Four possible financing options are suggested: two as part of partial insurance and two as full insurance options. The coalition factions announced the presentation of this report in their coalition agreement. However, the model was originally planned for last year.

Expenditure on statutory nursing care insurance has recently increased sharply. As Gernot Kiefer, former vice-president of the National Association of Statutory Health Insurance Funds, recently explained, a deficit in long-term care insurance of 650 million euros had accumulated in the first quarter of 2024 alone. A loss of 1.5 billion euros is expected for the whole year, Kiefer said, and a deficit of 3.4 billion euros in 2025.

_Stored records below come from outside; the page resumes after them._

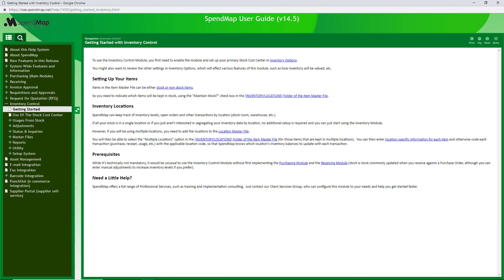So those are the basics of how you can manage a consumable inventory with SpendMap. And remember, if you'd like to make faster progress, our client services group is always here to help with personalized support and training services.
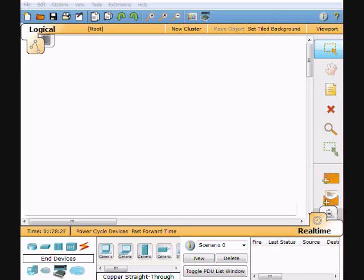Hey guys, this is Ron. This video is in response to a request to build a DSL network and simulate the internet in Packet Tracer. That's what we're going to do. There are some concepts we haven't covered yet, but they're all CCNA level, so this will give you a sneak peek. We're going to do this from the ground up.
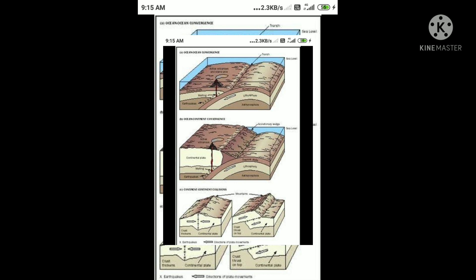These plate movements can be classified into three types. When plates come towards each other, they form a convergent boundary.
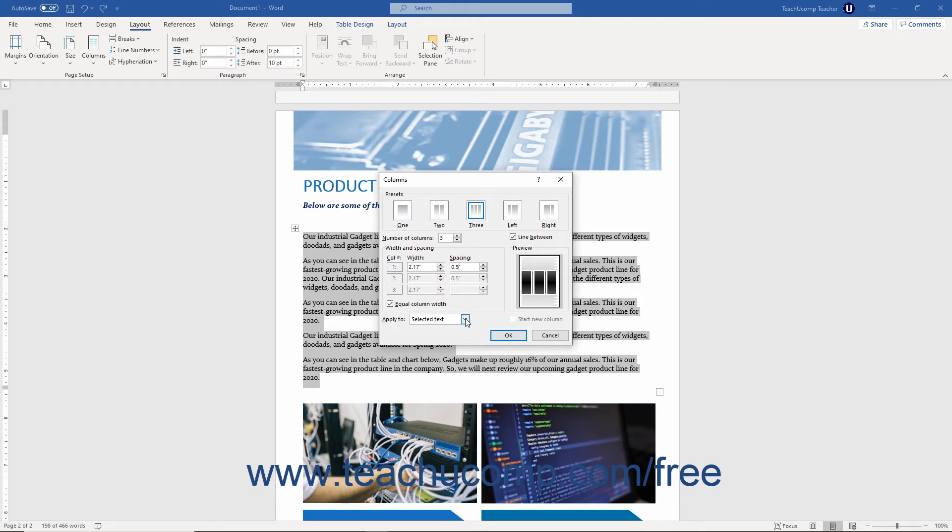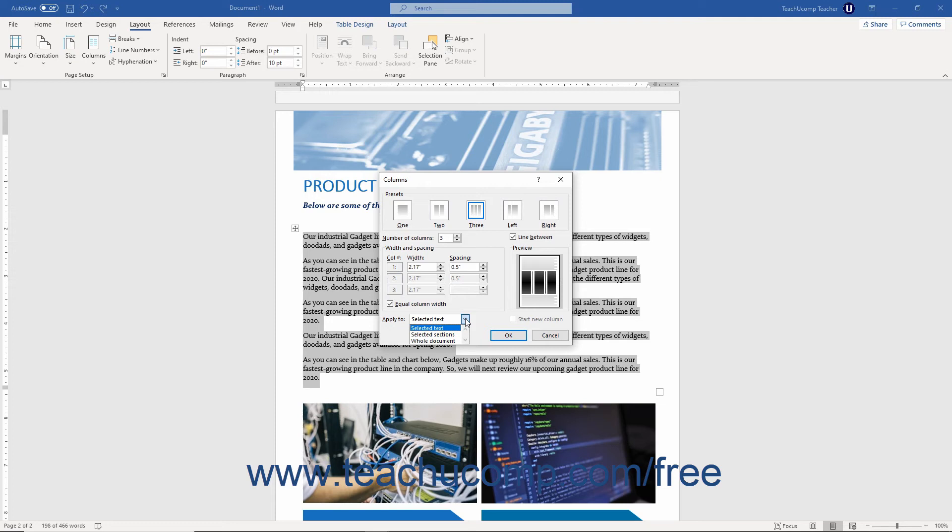Next, use the Apply To dropdown to choose where within the document to apply the columns. If you have created a new section and have your mouse cursor within it, you can choose this section from this dropdown to add the columns to the current section. To add them to the whole document instead, select the Whole Document choice from this dropdown. Alternatively, to create a new section break from the point at which your mouse cursor is located forward, select the This Point Forward choice instead.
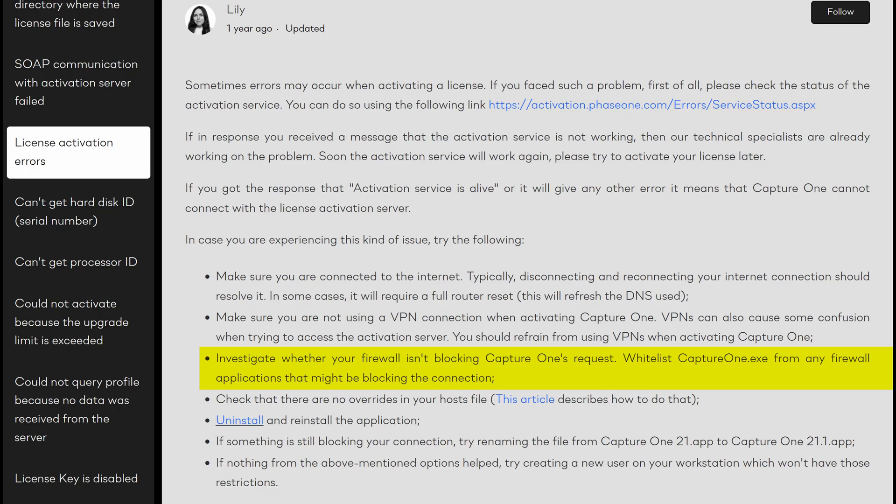The article also says to investigate whether your firewall isn't blocking Capture One's request — that's a pretty reasonable troubleshooting step. I did turn off my firewall and tried to activate Capture One, but still had problems. I'm going to circle back around to the firewall thing in a bit.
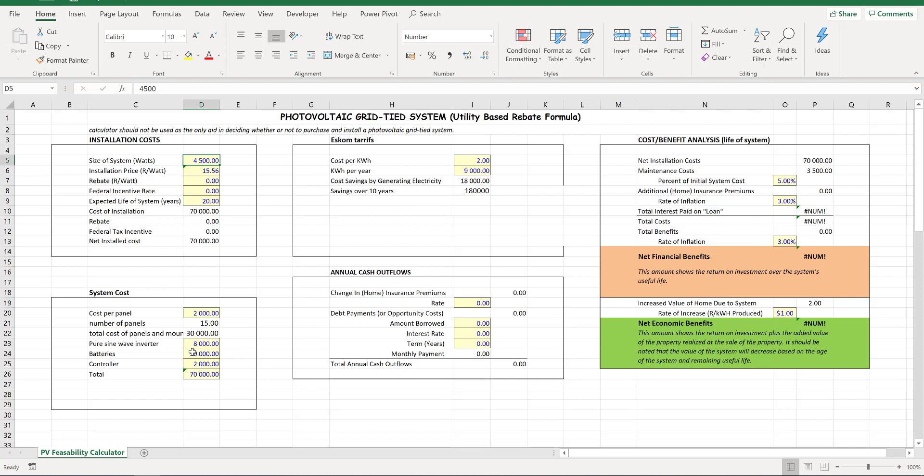Then we're assuming that we want to go completely off the grid, so a pure sine wave inverter that goes for around 5 to 10,000. Batteries, lithium-ion batteries have been getting cheaper lately, so hopefully we'll see that price coming down soon, but it's around 30,000. And we need the batteries to store the energy for when the sun's not really providing energy.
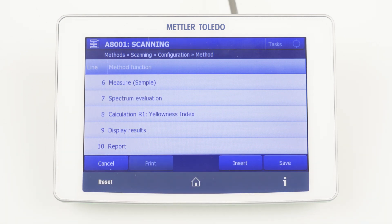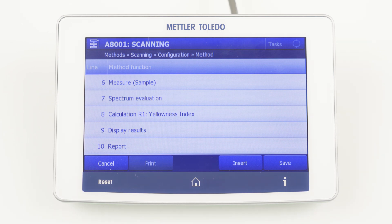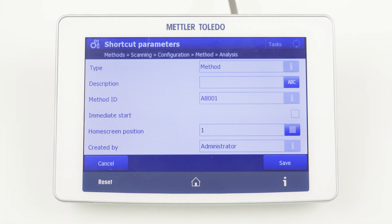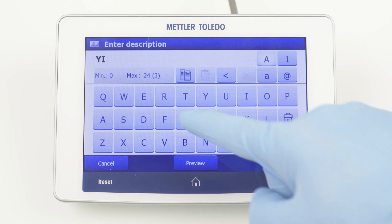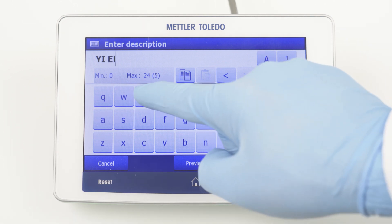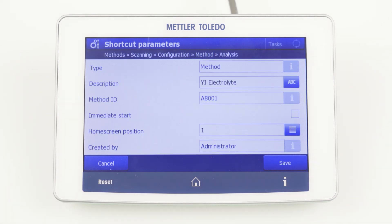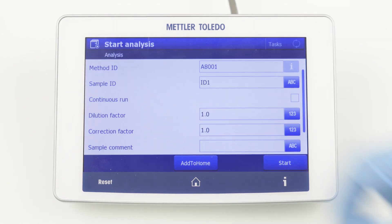Last, you can define how the results should be displayed on the screen. As we have only defined one result, we define one result field and select our yellowness index from the results list. Now we can save the method and are ready to start the method by clicking Start. You have the possibility to save the method to your home screen with Add to Home. This will create a shortcut on the home screen and is highly recommended for frequently used methods, as they can be started with one click. For this, you have to define the name, for example, YI Electrolyte. By saving it, you will end up on the home screen.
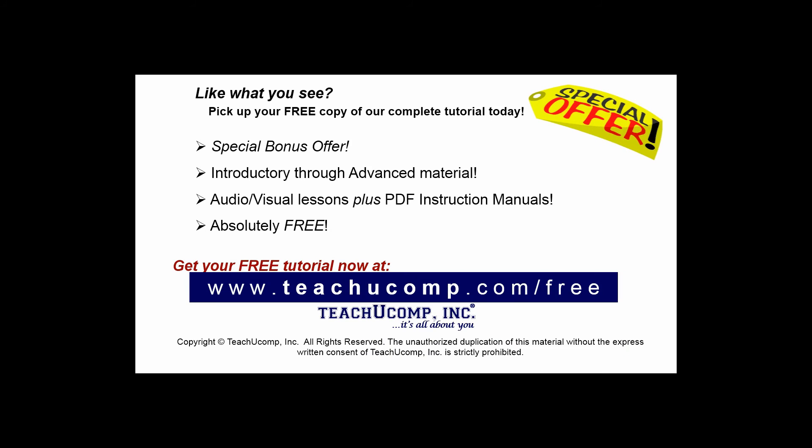Like what you see? Pick up your free copy of the complete tutorial at www.teachucomp.com/free.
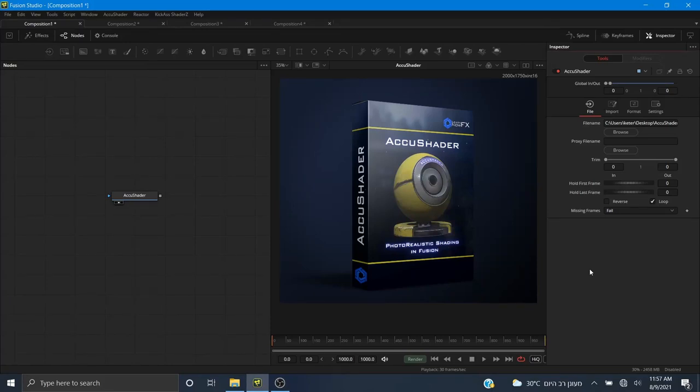Hey, what's up everyone, David Cohen here for LearnNowFX, and welcome back to another exciting Fusion tutorial. Today we're going to be taking a look at our new plugin AccuShader for Fusion Studio. AccuShader is a physical base shading plugin that allows you to create photorealistic materials inside of Fusion. This video is going to be a detailed overview of how to use AccuShader, and I will be putting timestamps in the description so you can skip ahead to the parts you like.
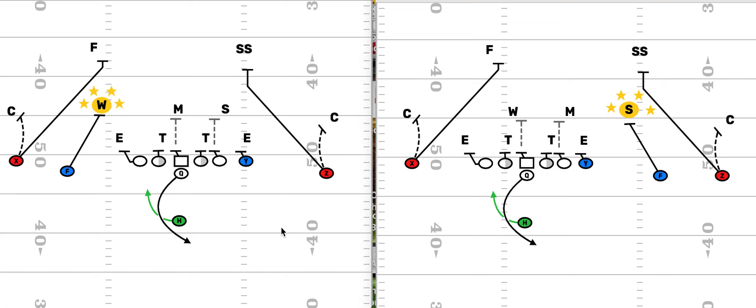The reason for that is to keep it simpler for your offensive line and your players, but also you're going to give the defense different looks by doing this, even though it's the same play. This is a good example.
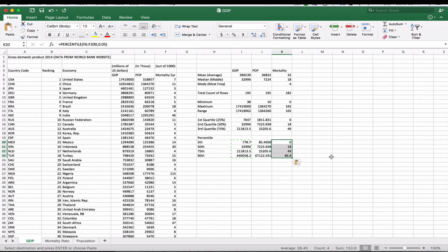So that gives us our mean, median, and mode — the average, the middle number, and the most frequent — along with the total count of rows using any criteria, the minimum, maximum, and range, the first, second, and third quartiles corresponding to 25%, 50%, and 75% or below, and the percentiles: the 5th, 50th, 75th, and 90th percentile.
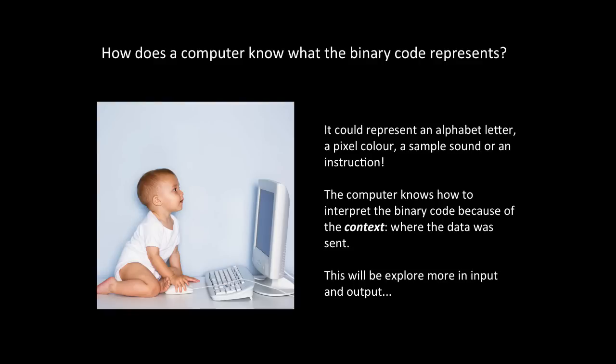How does a computer know what the binary code represents? For example, as we've discussed, it could represent an alphabet letter, a pixel colour, a sample sound or an instruction. The computer knows how to interpret the binary code because of the context. This is where the data was sent. This will be explored in more detail in input and output, which comes in a following module.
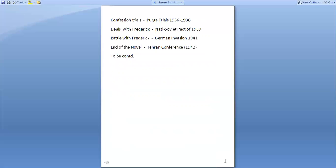Deals with Frederick in Animal Farm represent the Nazi-Soviet Pact of 1939. The Battle with Frederick represents the German invasion of 1941. The end of the novel is represented in the Tehran Conference of 1943. This is to be continued in the next session. Thank you.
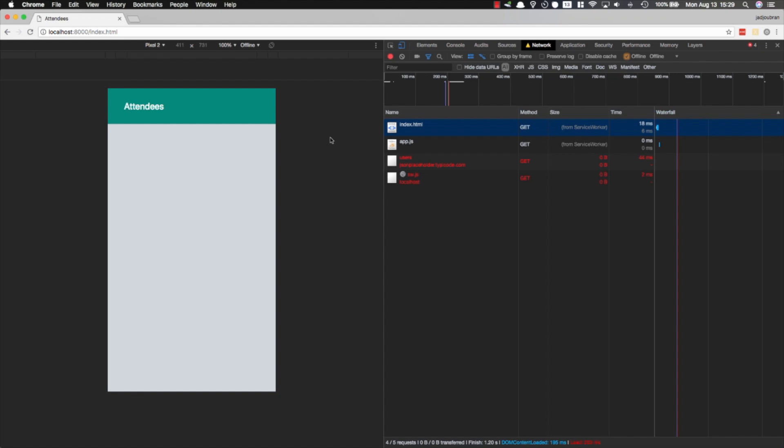This means if I go offline and I reload the page, the app shell is still going to work. Now just two things here: make sure you are on index.html not on slash because the URLs have to match. Second of all, in the next video I'm going to show you some more advanced use cases for Workbox and how you can cache dynamic data that's coming from your API like users.json.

Avoid nursing cases through prevention

The working group’s report shows the expected increase in expenditure on partial insurance in the long term. “Due to demographics and depending on global economic development, in the partial benefit system with value preservation dynamics for people in need of care, a financing gap of 0.5 to 2.6 contribution rate points, on average 1.4 contribution rate points, will arise in the long term,” it says. The average value corresponds to around 24 billion euros at “today’s prices”.

Lauterbach explained that the problem of financing long-term care insurance can be solved: “It’s not a cost explosion that we’re facing.” “The most important thing that is underestimated here is the prevention of nursing cases,” Lauterbach said.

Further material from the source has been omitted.